----- Records for the exercise

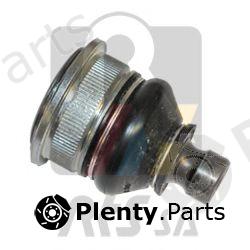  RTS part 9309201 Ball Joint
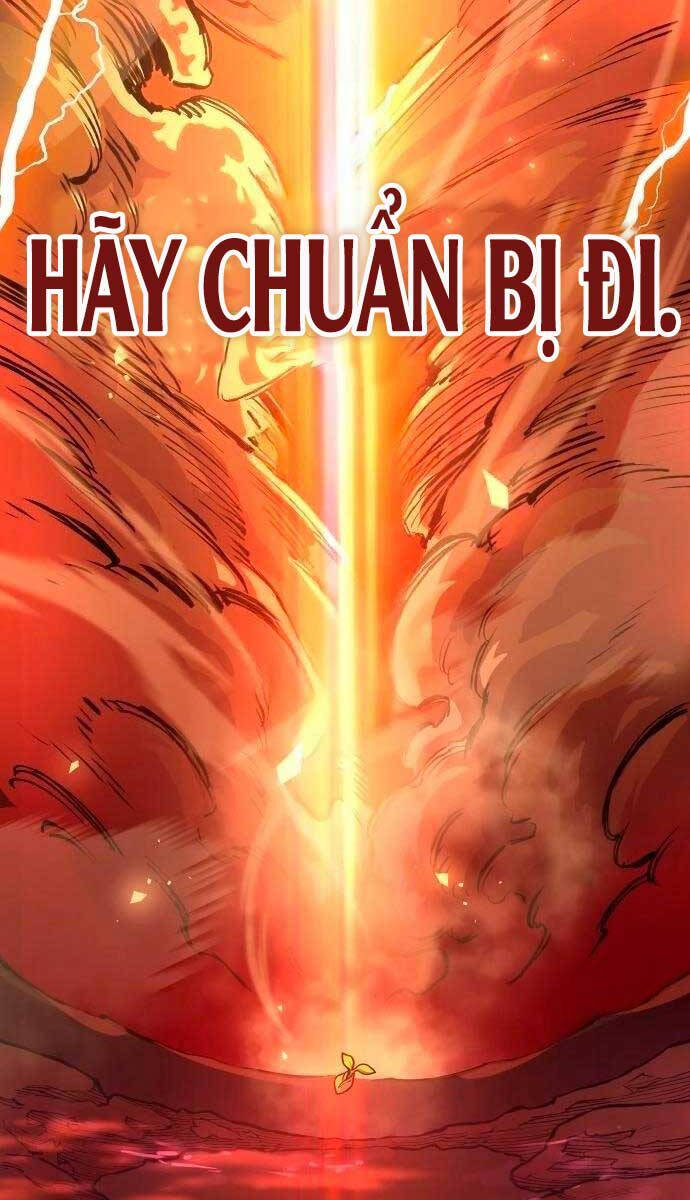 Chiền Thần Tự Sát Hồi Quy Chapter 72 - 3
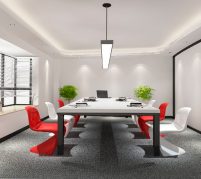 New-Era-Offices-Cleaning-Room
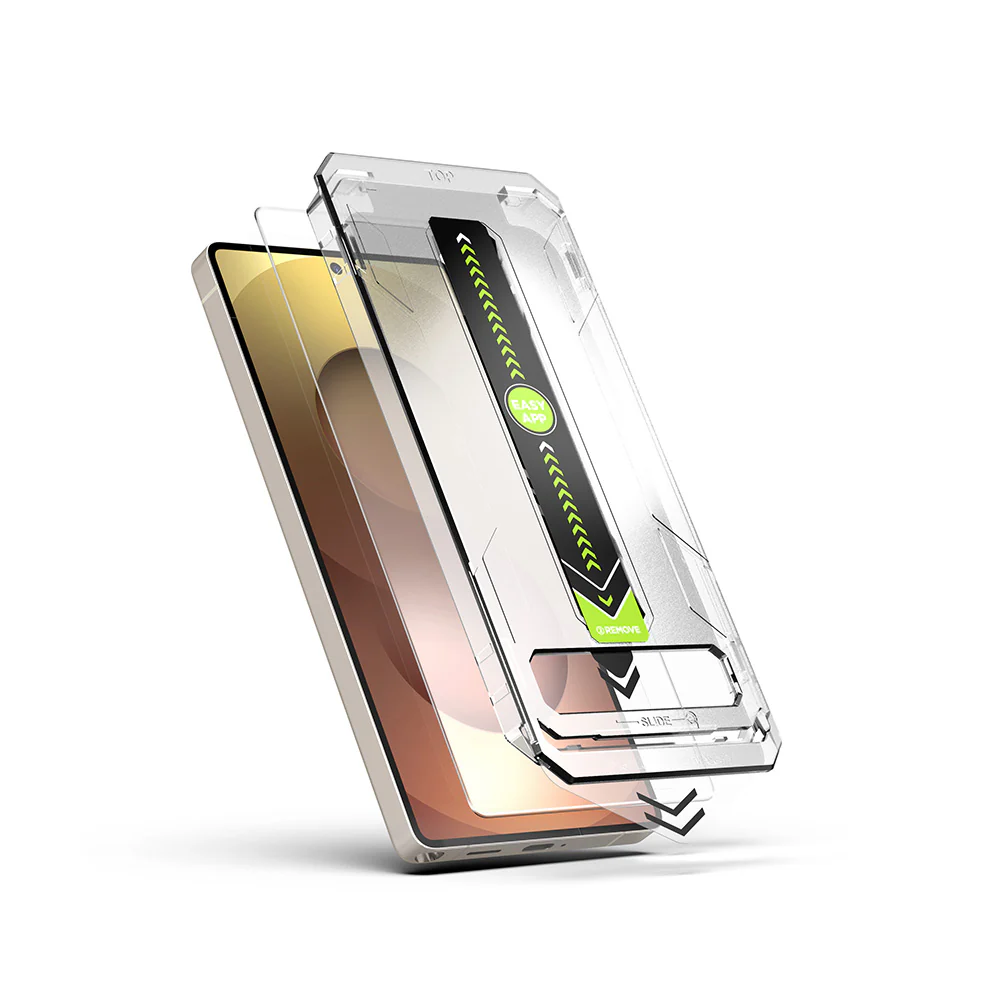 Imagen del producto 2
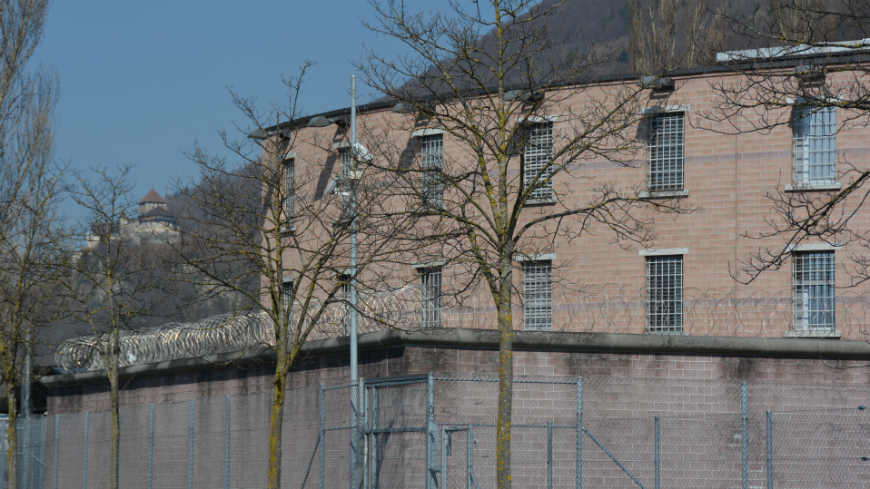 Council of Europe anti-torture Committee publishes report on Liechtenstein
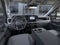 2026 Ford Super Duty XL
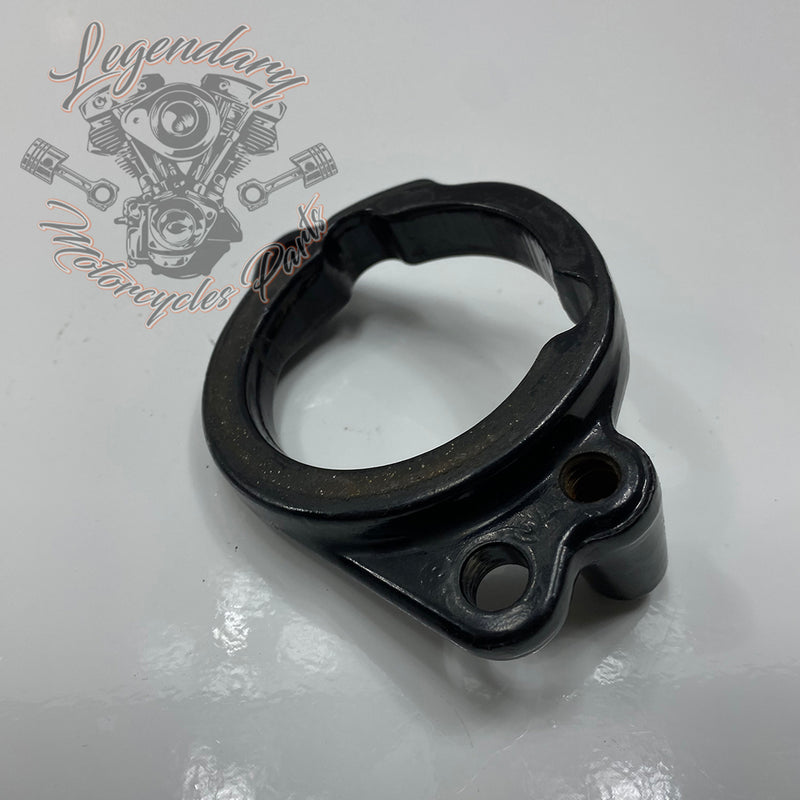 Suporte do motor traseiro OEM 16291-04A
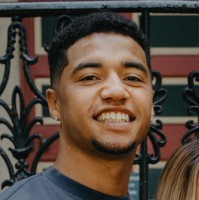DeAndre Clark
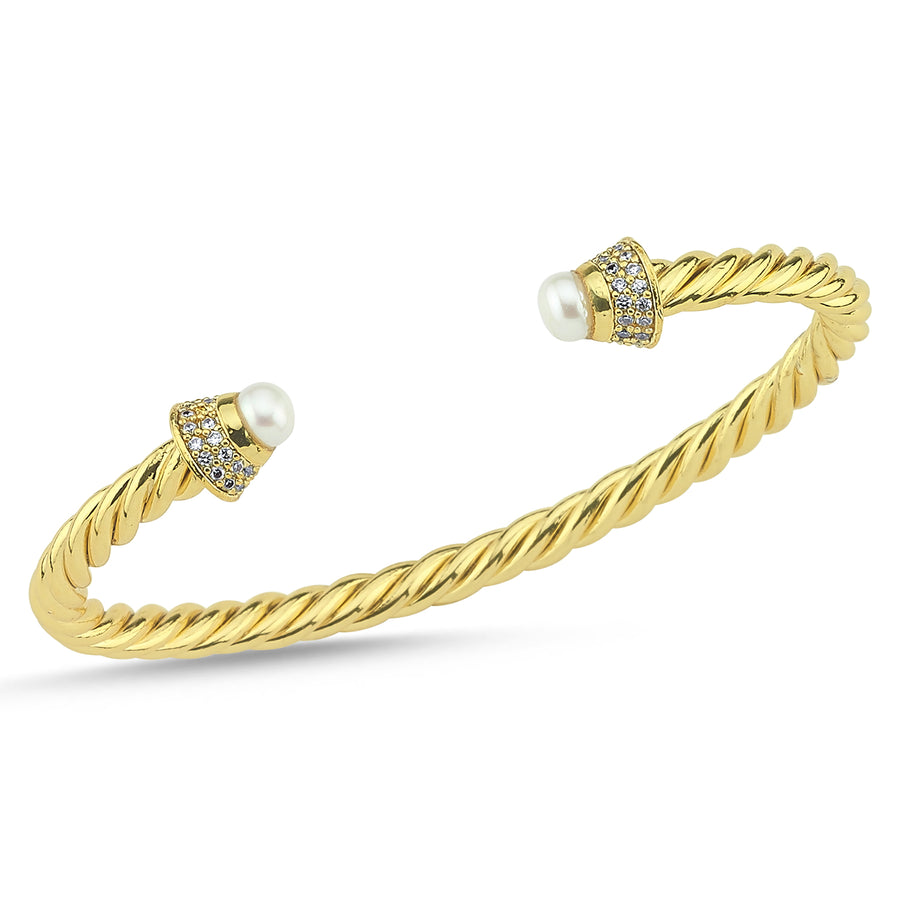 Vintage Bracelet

----------

▸ **Task details**
Print only the lines running from the one containing "New-Era-Offices-Cleaning-Room" to the end of the data above, exactly; include no pictures.

▸ **Response area**
 New-Era-Offices-Cleaning-Room
 Imagen del producto 2
 Council of Europe anti-torture Committee publishes report on Liechtenstein
 2026 Ford Super Duty XL
 Suporte do motor traseiro OEM 16291-04A
DeAndre Clark
 Vintage Bracelet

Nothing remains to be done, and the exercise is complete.